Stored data
● ● ● ● ●

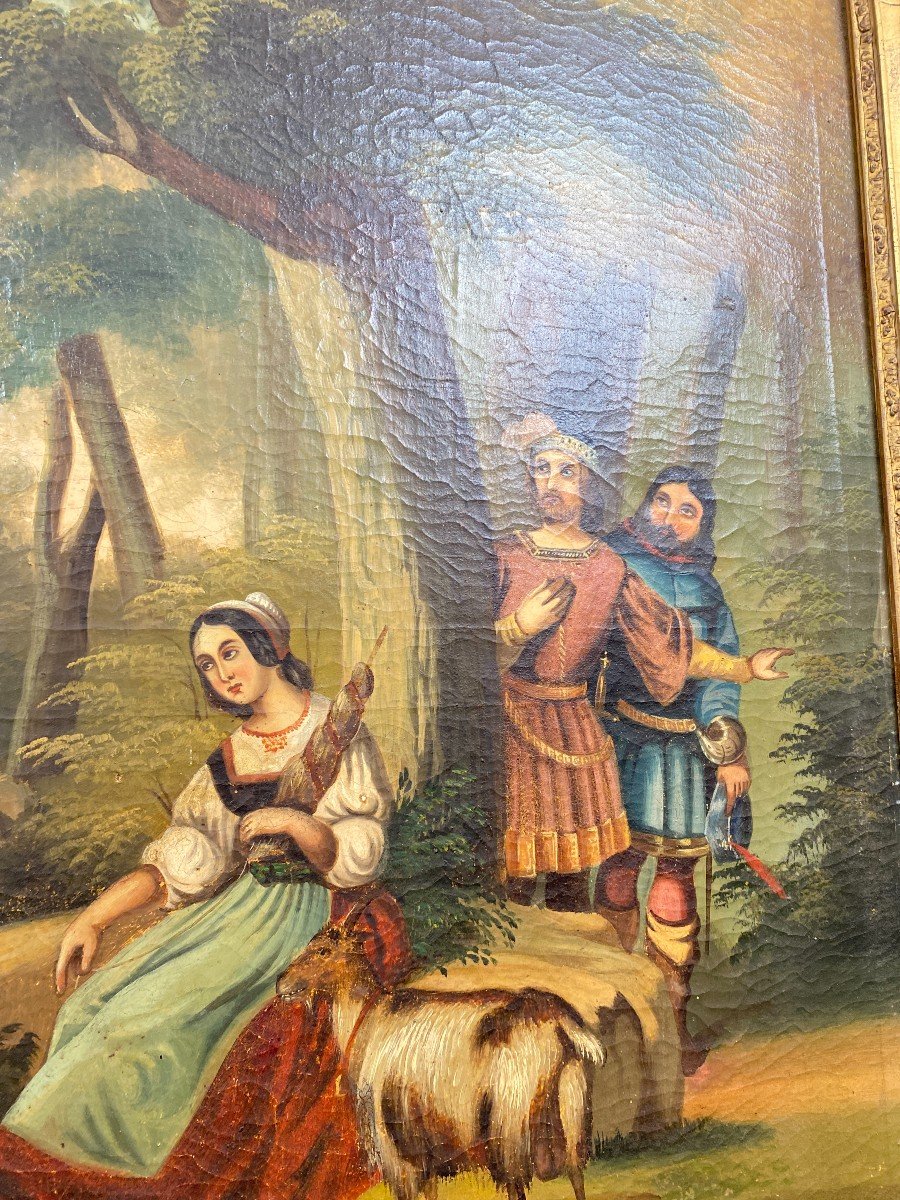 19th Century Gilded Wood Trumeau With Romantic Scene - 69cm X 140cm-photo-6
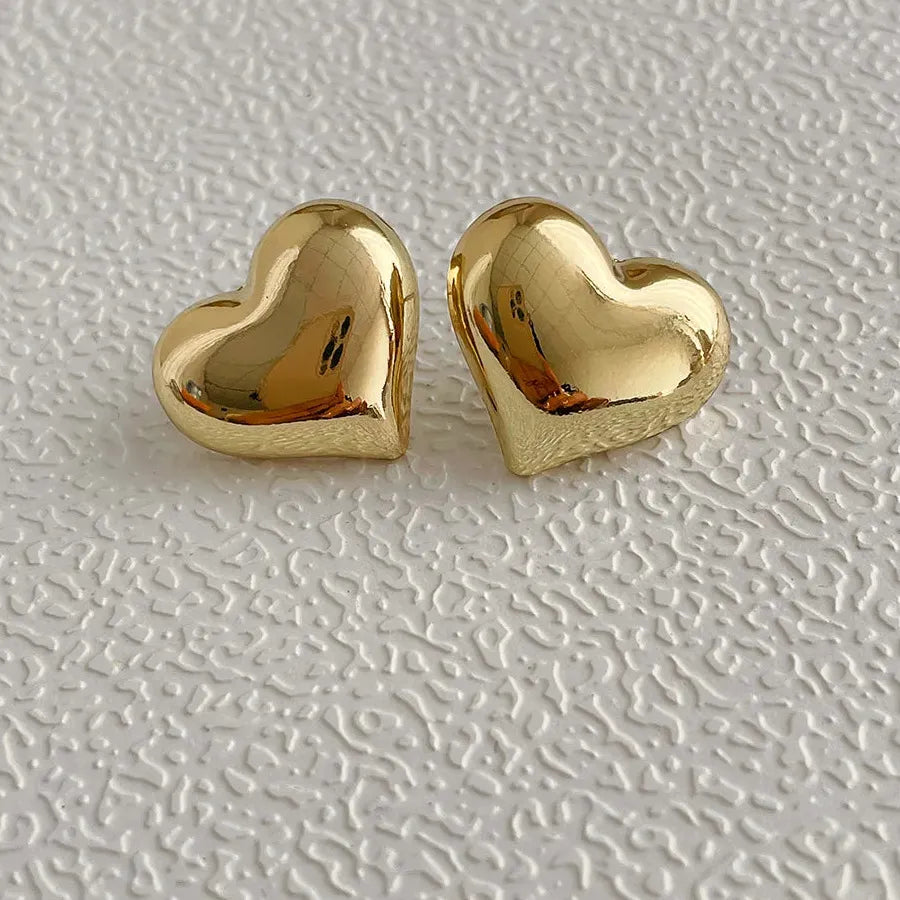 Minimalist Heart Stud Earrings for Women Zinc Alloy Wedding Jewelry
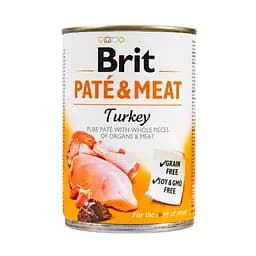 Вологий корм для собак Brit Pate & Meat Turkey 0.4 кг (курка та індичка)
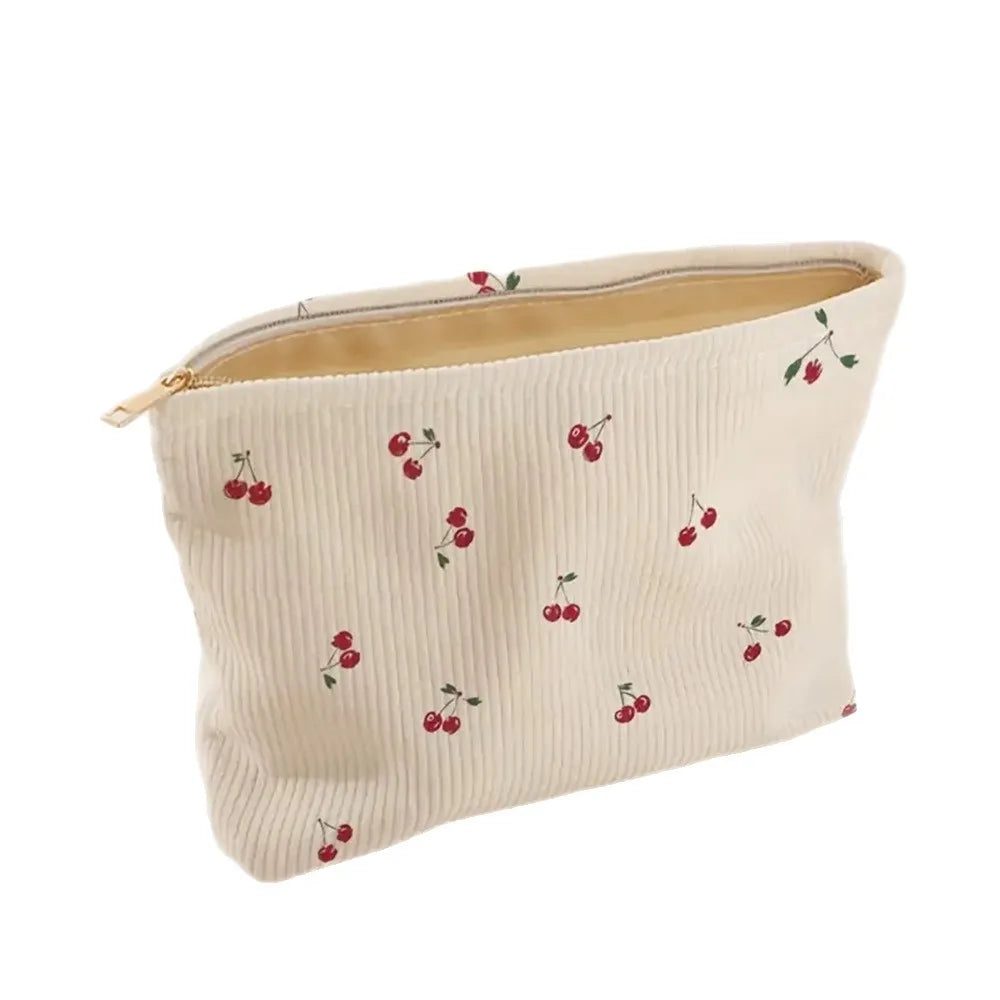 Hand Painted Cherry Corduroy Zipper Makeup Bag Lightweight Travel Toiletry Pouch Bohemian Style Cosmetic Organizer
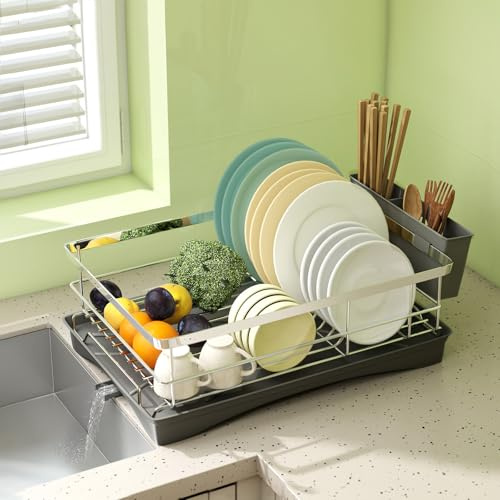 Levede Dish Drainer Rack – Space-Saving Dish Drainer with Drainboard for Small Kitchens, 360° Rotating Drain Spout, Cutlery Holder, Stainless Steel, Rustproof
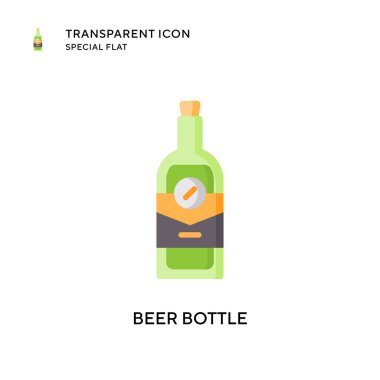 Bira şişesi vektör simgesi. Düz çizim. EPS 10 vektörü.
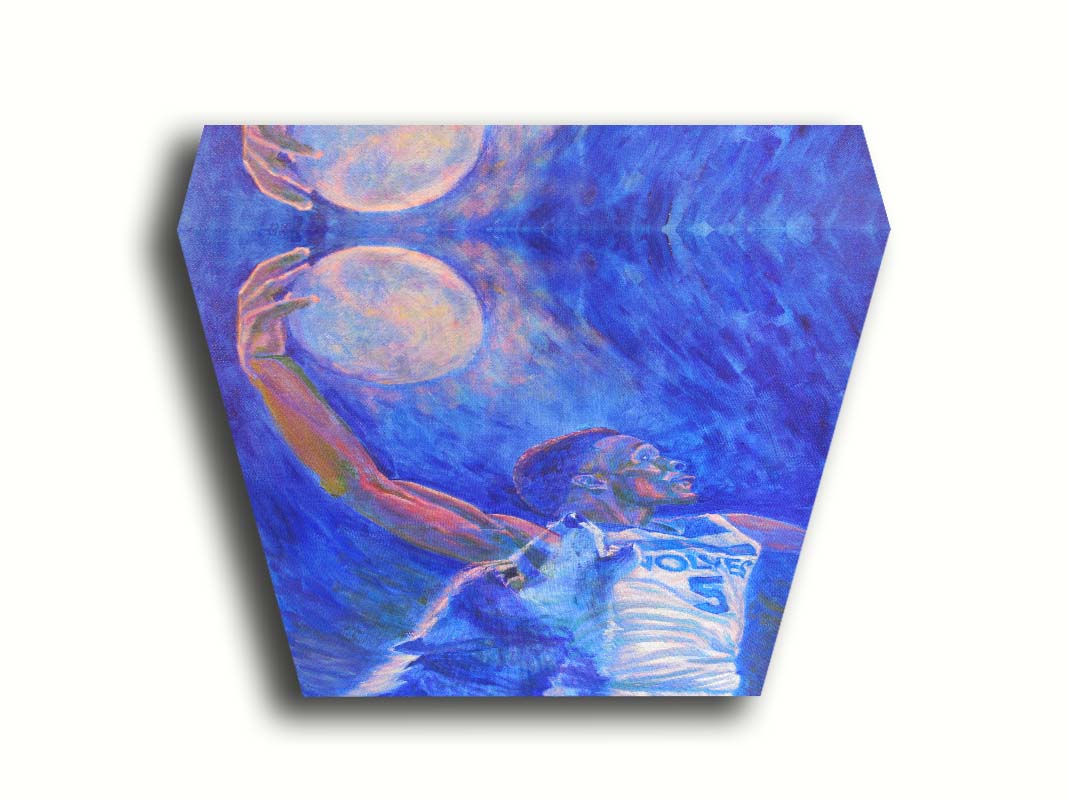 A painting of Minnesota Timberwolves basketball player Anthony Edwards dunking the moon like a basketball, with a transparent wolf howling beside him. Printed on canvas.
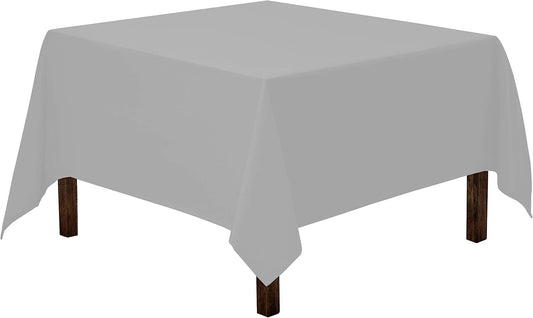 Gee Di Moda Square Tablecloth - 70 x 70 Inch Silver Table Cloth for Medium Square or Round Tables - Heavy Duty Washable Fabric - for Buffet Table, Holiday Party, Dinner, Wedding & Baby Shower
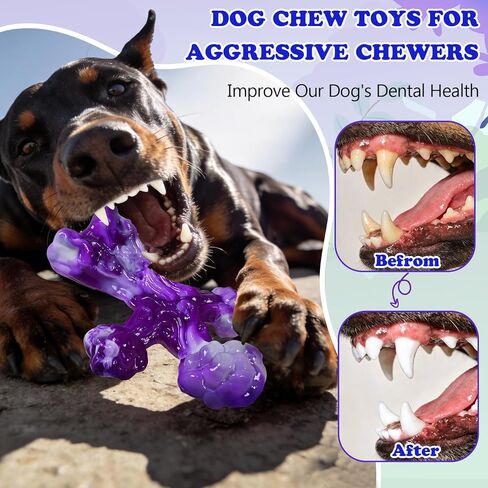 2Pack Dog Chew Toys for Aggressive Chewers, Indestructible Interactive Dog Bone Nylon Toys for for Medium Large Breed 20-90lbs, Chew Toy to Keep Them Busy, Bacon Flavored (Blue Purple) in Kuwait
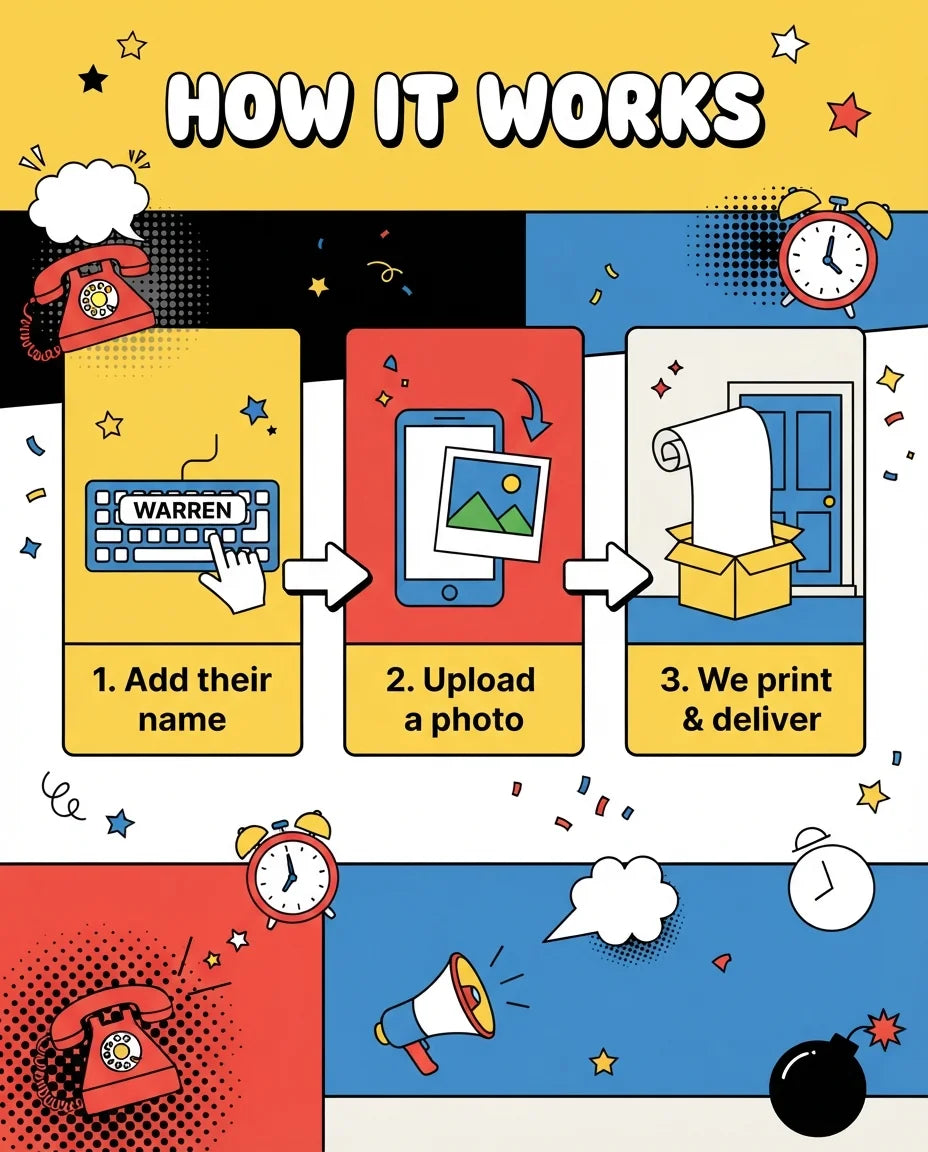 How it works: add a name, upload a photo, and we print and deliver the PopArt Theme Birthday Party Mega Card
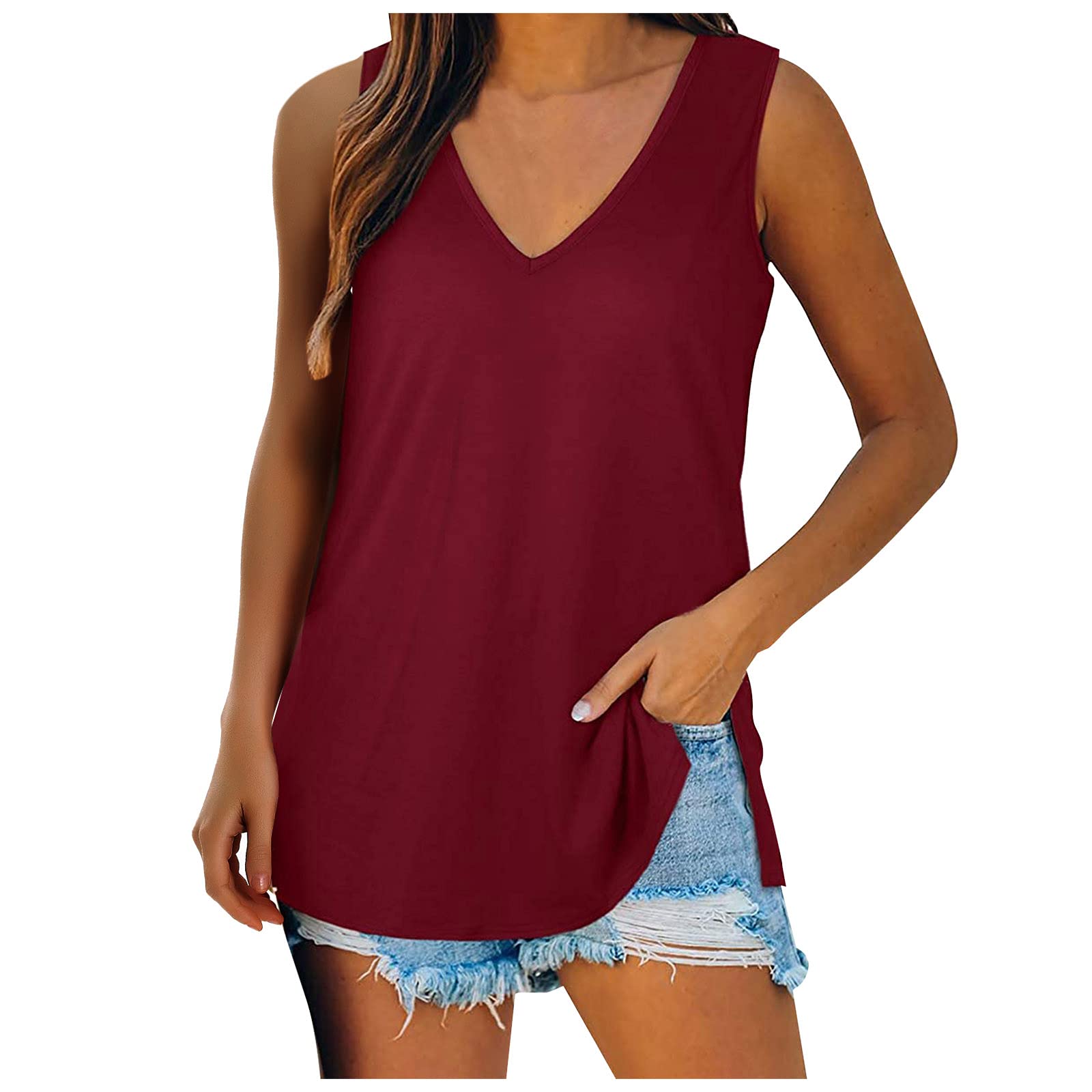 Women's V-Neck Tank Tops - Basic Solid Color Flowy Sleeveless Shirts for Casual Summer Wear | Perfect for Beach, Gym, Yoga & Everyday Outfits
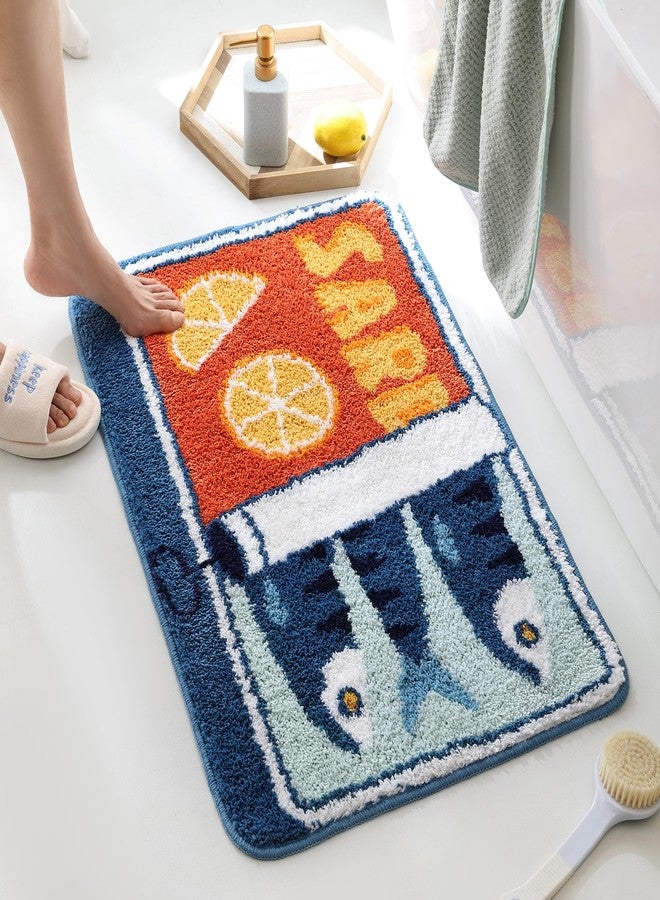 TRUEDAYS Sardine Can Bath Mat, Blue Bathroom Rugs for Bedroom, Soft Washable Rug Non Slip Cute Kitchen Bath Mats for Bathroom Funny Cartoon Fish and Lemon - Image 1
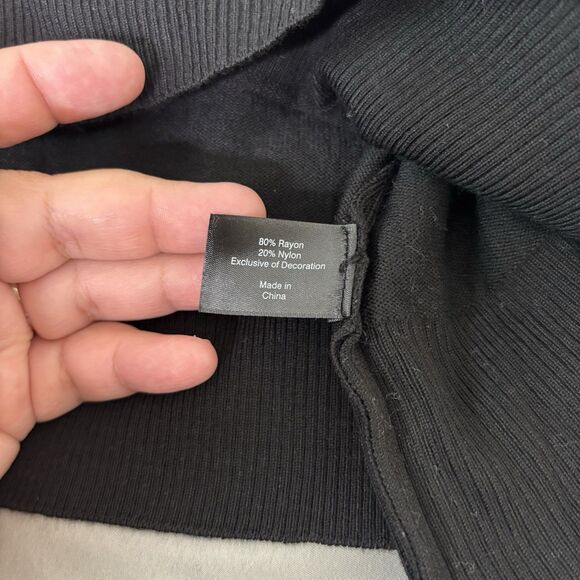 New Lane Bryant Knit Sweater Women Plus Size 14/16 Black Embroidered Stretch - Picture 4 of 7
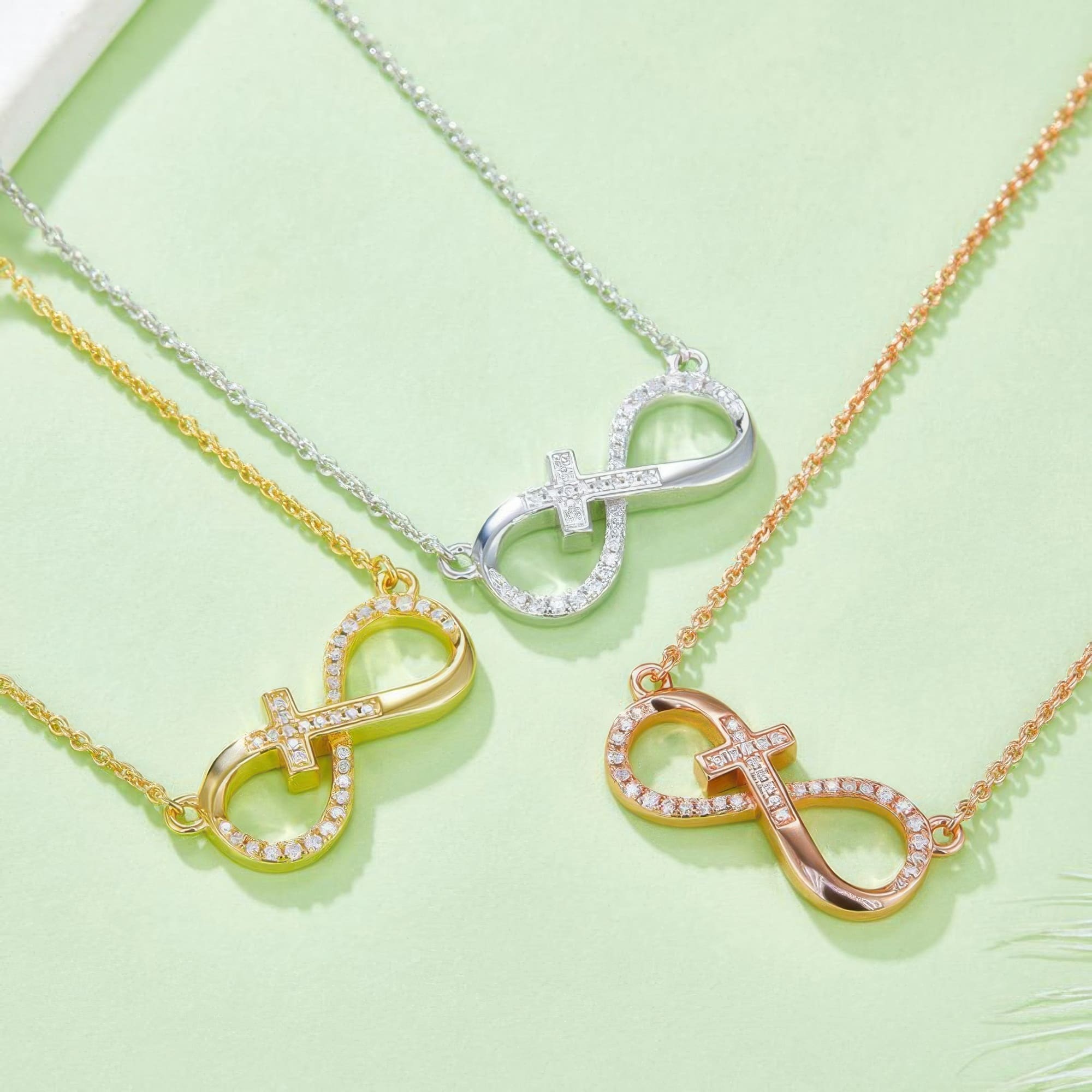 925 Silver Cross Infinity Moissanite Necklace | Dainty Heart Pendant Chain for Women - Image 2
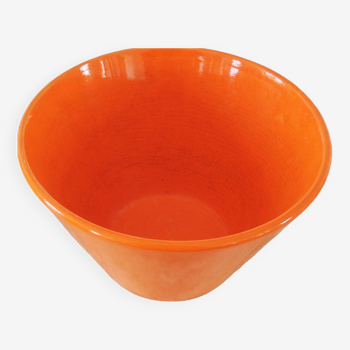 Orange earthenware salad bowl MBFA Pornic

● ● ● ● ●

In the records above, take every line from the opening one through the line with "Bira şişesi vektör" and repeat it exactly; pictures are not part of the copy.

**Response to this exercise:**
 19th Century Gilded Wood Trumeau With Romantic Scene - 69cm X 140cm-photo-6
 Minimalist Heart Stud Earrings for Women Zinc Alloy Wedding Jewelry
 Вологий корм для собак Brit Pate & Meat Turkey 0.4 кг (курка та індичка)
 Hand Painted Cherry Corduroy Zipper Makeup Bag Lightweight Travel Toiletry Pouch Bohemian Style Cosmetic Organizer
 Levede Dish Drainer Rack – Space-Saving Dish Drainer with Drainboard for Small Kitchens, 360° Rotating Drain Spout, Cutlery Holder, Stainless Steel, Rustproof
 Bira şişesi vektör simgesi. Düz çizim. EPS 10 vektörü.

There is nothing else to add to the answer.